_EXERCISE:_ Exclude images, then output the remaining data verbatim.

BEGIN RECORDED DATA

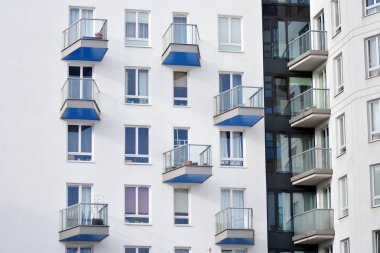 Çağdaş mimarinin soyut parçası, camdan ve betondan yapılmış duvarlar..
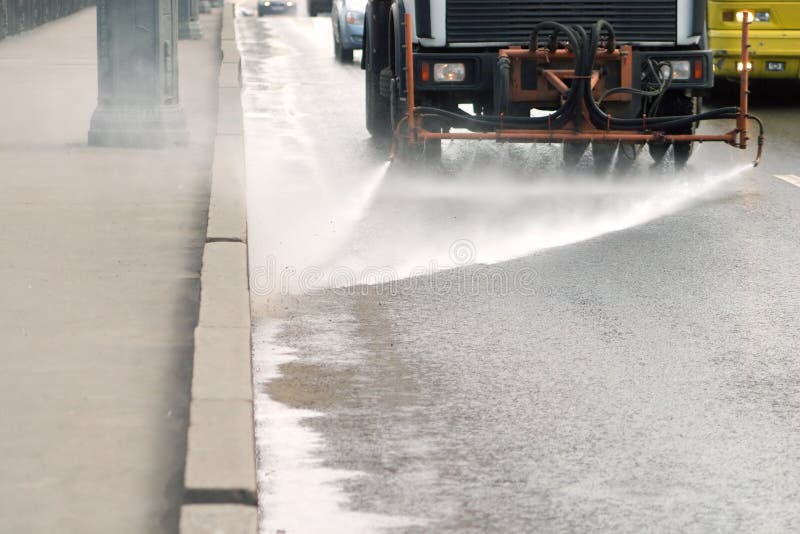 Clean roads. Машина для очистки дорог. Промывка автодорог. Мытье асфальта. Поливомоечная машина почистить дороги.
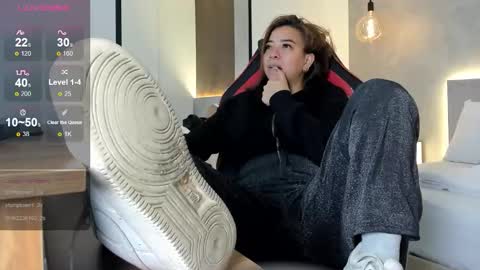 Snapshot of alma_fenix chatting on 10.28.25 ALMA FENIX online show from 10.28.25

END RECORDED DATA

_THE ANSWER:_
 Çağdaş mimarinin soyut parçası, camdan ve betondan yapılmış duvarlar..
 Clean roads. Машина для очистки дорог. Промывка автодорог. Мытье асфальта. Поливомоечная машина почистить дороги.
 Snapshot of alma_fenix chatting on 10.28.25 ALMA FENIX online show from 10.28.25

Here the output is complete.